This is not to say that there aren’t other albums that I don’t cherish and love. Nor is this a way of saying that these are the best albums of all time. But in my little world, these albums have meant more to me than anything I’ve ever learned at school or at work. These are the albums that if I were trapped on a televised desert island soap opera, I would need to have by my side.
In the last few weeks, I’ve been listening to an album worthy of being added to that list: Sunset Rubdown’s “Shut Up I Am Dreaming” These are big words and I actually didn’t want to write about it on Trying Not to Be Evil Week because this album is so good that writing about it seems like an exercise in futility. I could spend a lifetime trying to the capture the brilliance of the deranged symphony that Krug has created. A dense maze of beautiful symbolist poems, haunting organ licks and raw visceral emotion that explodes in every note.
I knew that I sure as well didn’t want to sound like the Pitchfork review of the album, spewing its typical smart rock critic gibberish. I get it dude, you’re a fan of post-modernism. Do you want a ribbon?
“In his more fleshed-out, metaphysically epic form, Krug consistently finds ways to yoke disparate parts; there's so much inventive stitching, in fact, it makes it tempting to offer a play-by-play with color commentary for every song. Beyond writing catchy tunes and packing them with whispers, mallets, harpsichord, and patches of cheapskate drum machines, he's an intriguing presence. Instead of bubbling along at one level, he roller coasters and raves, mixing nonsense with sharp observations and sadness with puns
Needless to say, there’s nothing I enjoy more than a cheapskate drum machine.
The description that made the most sense about the album came from Skeet On Mischa:
I'd love to say something about Sunset Rubdown, but I can't get past the fourth song on the album; it's just too good. Very haunting and reminds me of that song on that Air album, "10,000 Hz legend" with Buffalo Daughter on it.”
It’s one of those CDs that you put in your car and immediately have to turn off because it’s way way too much to handle when you’re sitting on traffic on a freeway. Too intense. It certain doesn’t bear well to casual listening.
That was exactly how I felt about the album until last week, when I was finally able got past the fourth song. And what I heard is pure unfiltered genius.
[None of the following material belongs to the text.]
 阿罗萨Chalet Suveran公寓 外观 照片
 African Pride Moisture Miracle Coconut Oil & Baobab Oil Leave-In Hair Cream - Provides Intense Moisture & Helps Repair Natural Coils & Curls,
Like any great album, it ends perfectly. The last song of the album, “Shut Up I Am Dreaming of Places Where Loves Have Wings,” is a seven and a half minute symphony, a song almost too powerful to want to listen to. It forces you to stop everything you’re doing and just listen.
This album isn’t for everyone. It’s strange unique and weird. As though it would be the perfect soundtrack for a Tim Burton film. The first four or five times I heard it, it didn’t sink. But now it has. I like Arcade Fire and Sufjan Steven’s as much as the next guy, but while I admire the brilliance of those two musicians, nothing they’ve done can match the blistering and savage emotion, pain and beauty wrapped up in “Shut Up I Am Dreaming.” I can’t recommend an album more.